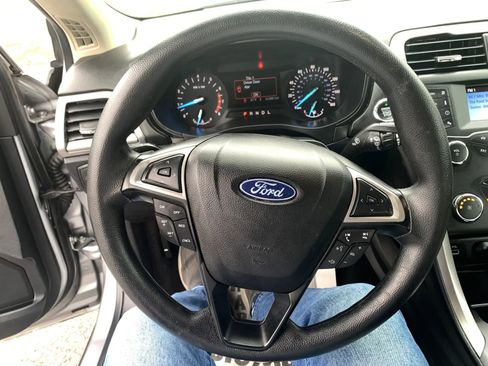 Used 2020 Ford Fusion S image 12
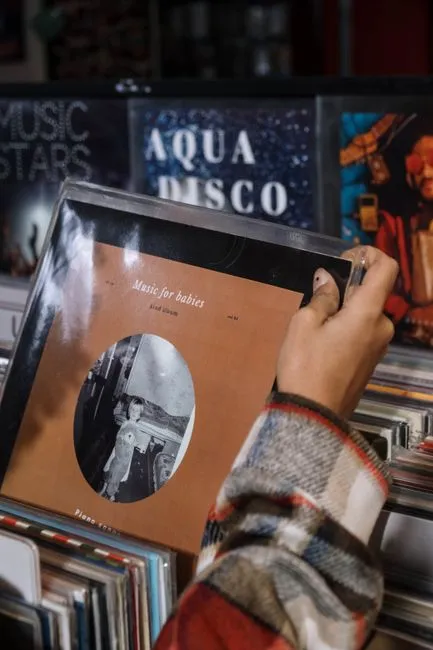 <p>LP Liner Notes: O Legado das Gravações Clássicas e a Memória Musical de Tim Page</p>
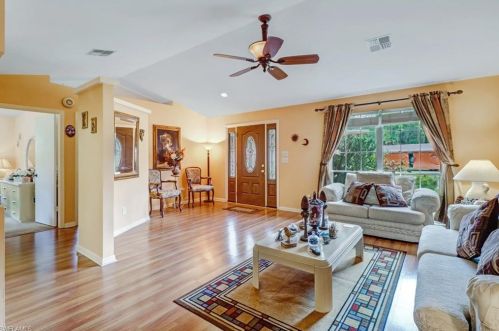 3230 27 Ave, Naples FL 34117-7141 exterior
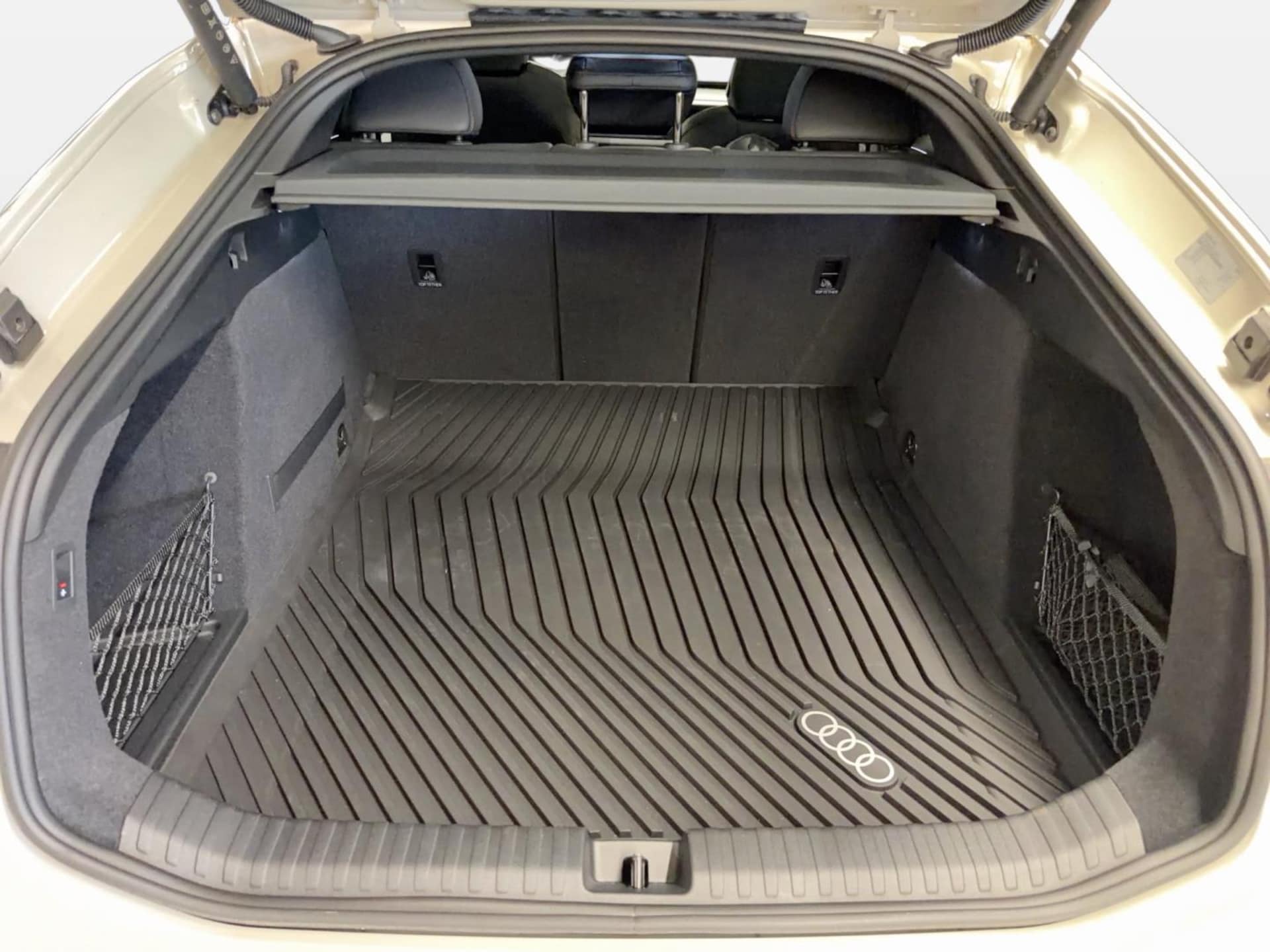 Audi A6 Sportback e-tron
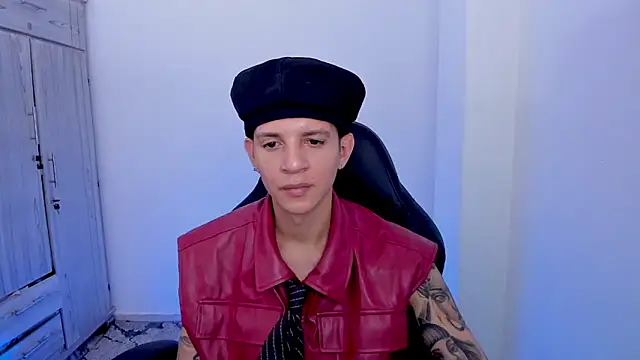 Snapshot of tylerrnova chatting on 07.15.26 tylerrnova online show from 07.15.26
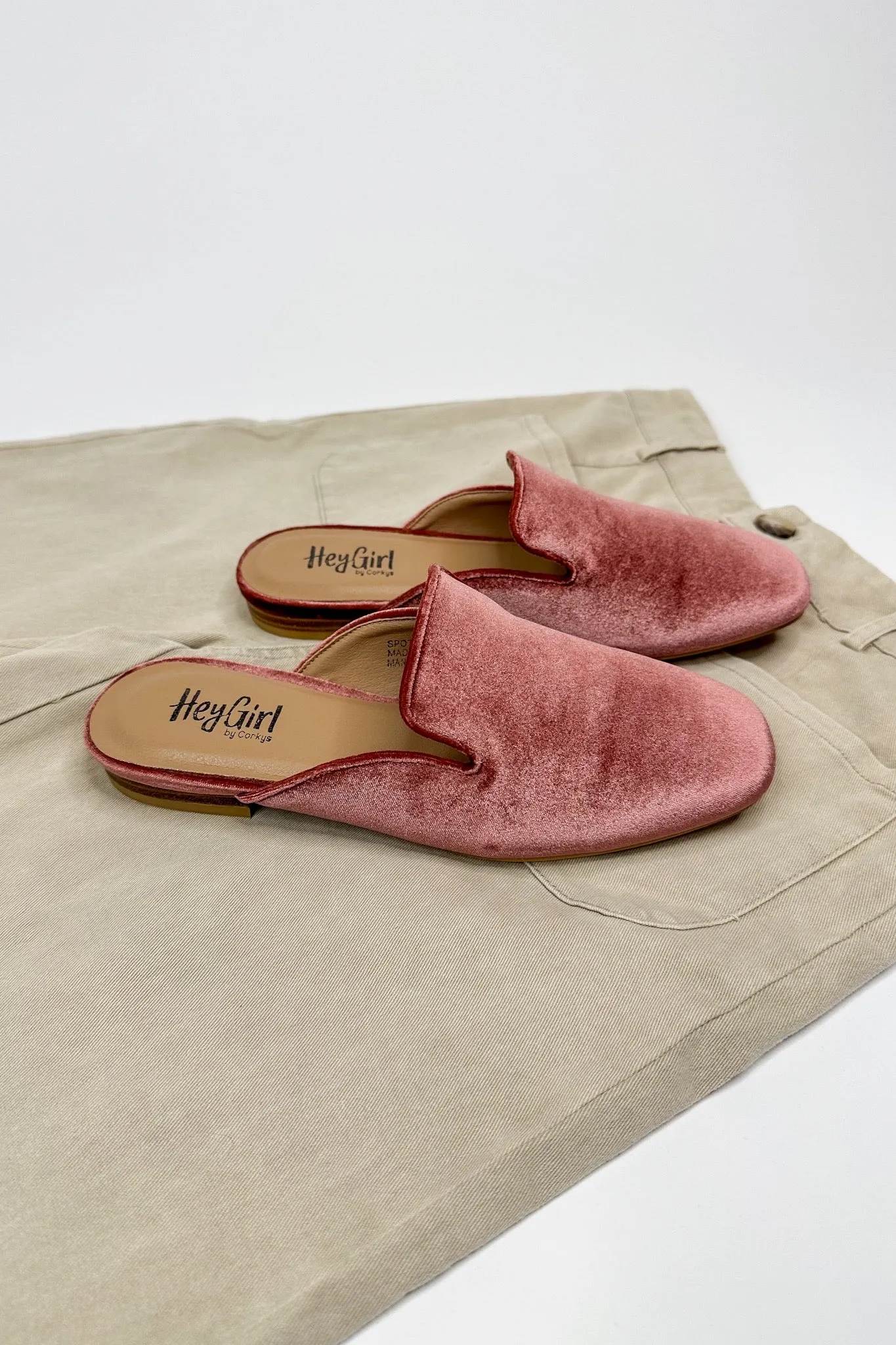Spotlight Velvet Corkys Mules in Rose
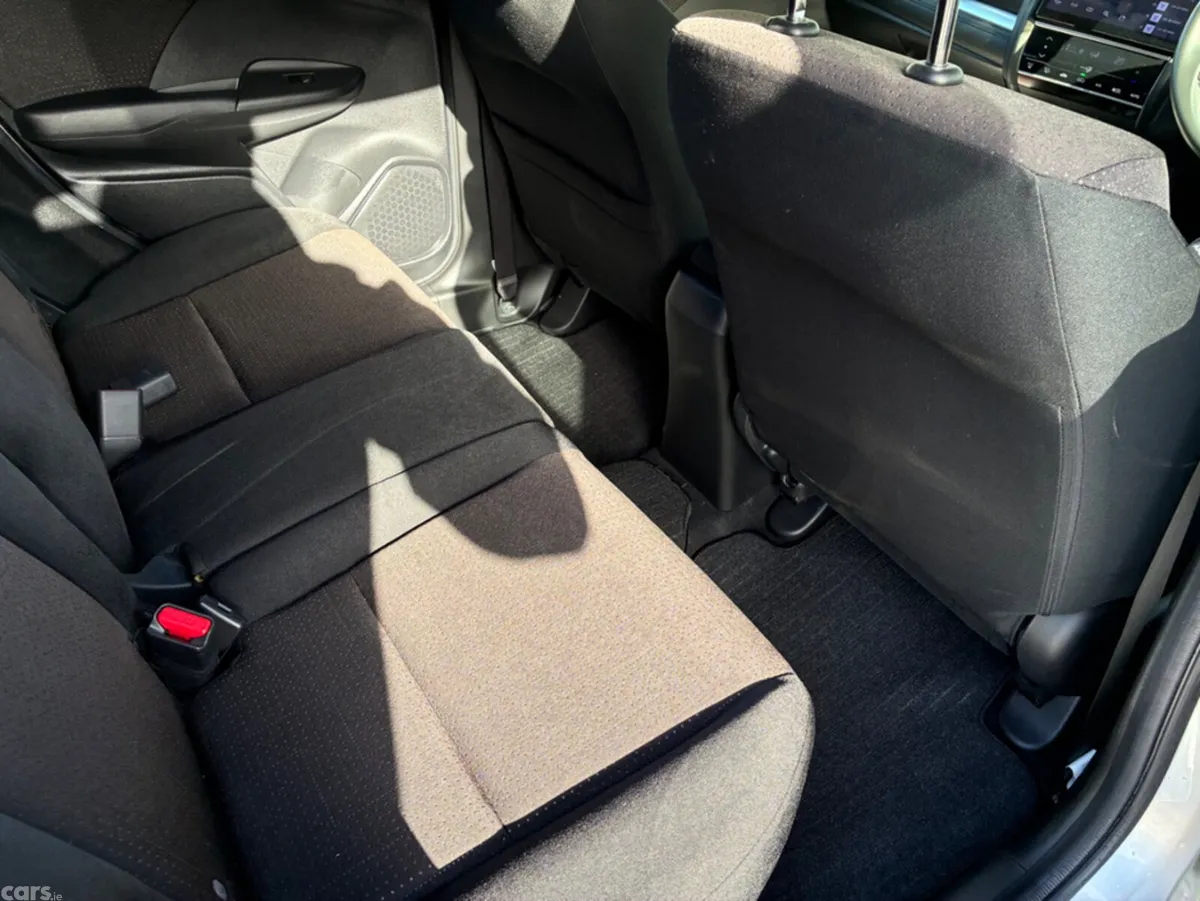 Honda Fit Hatchback, Petrol Hybrid, 2017, Silver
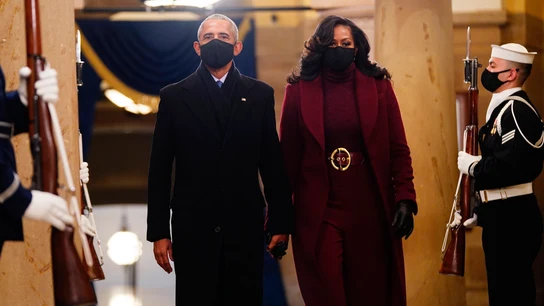 En la imagen, el expresidente estadounidense Barack Obama (2009-2017) y la ex primera dama Michelle Obama.  Los Obama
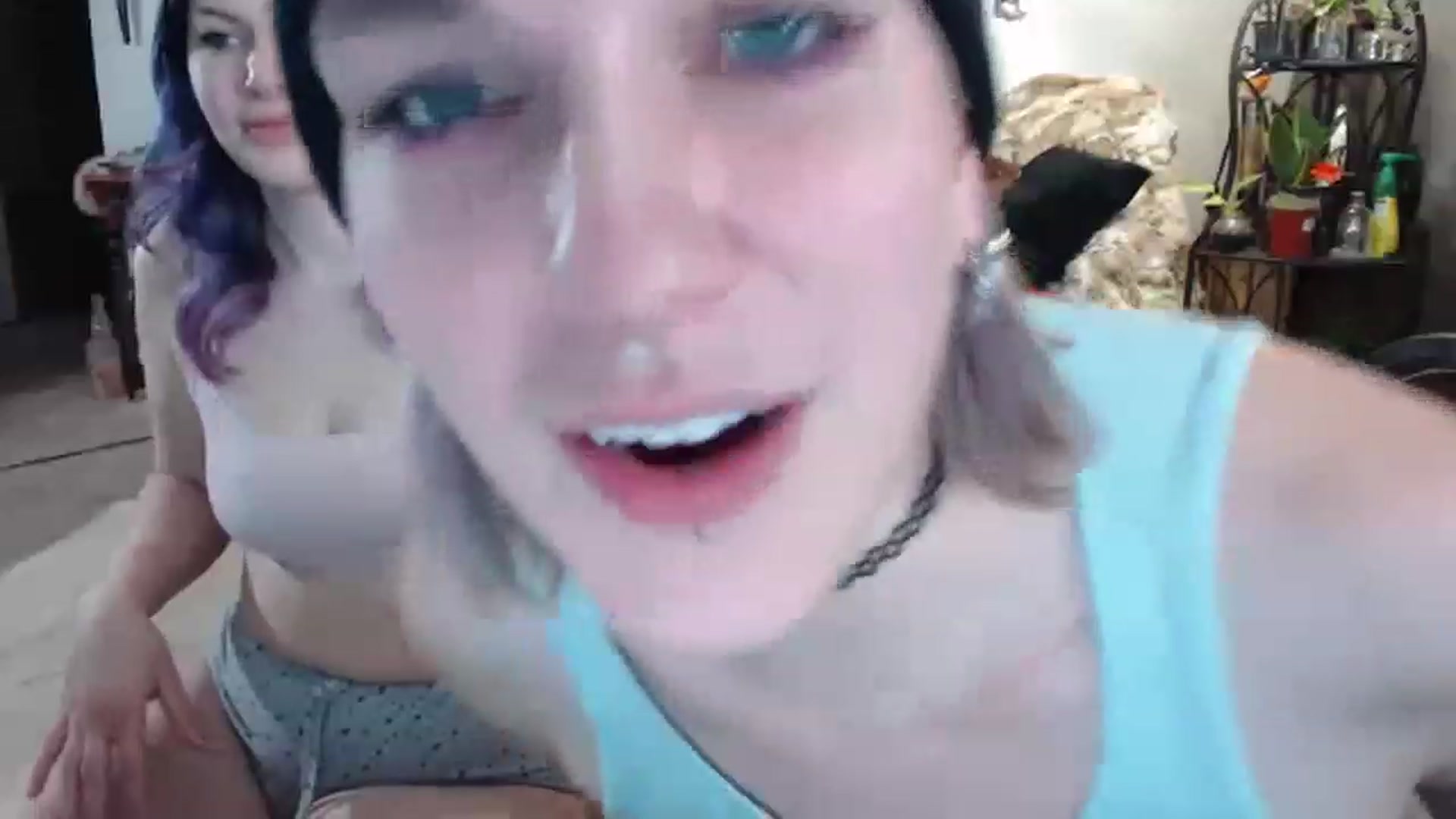 Gallery image thumbnail from DragonQueeen's myfreecams stream on, 03/18/2023, 05:58 image 2 of 20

------------------------------------------------------------

> Exercise description: Nothing but the lines from the line with "Snapshot of tylerrnova" through the end of the listing should appear in the answer, each duplicated exactly, without pictures.

> Solution for this problem:
 Snapshot of tylerrnova chatting on 07.15.26 tylerrnova online show from 07.15.26
Spotlight Velvet Corkys Mules in Rose
 Honda Fit Hatchback, Petrol Hybrid, 2017, Silver
 En la imagen, el expresidente estadounidense Barack Obama (2009-2017) y la ex primera dama Michelle Obama.  Los Obama
 Gallery image thumbnail from DragonQueeen's myfreecams stream on, 03/18/2023, 05:58 image 2 of 20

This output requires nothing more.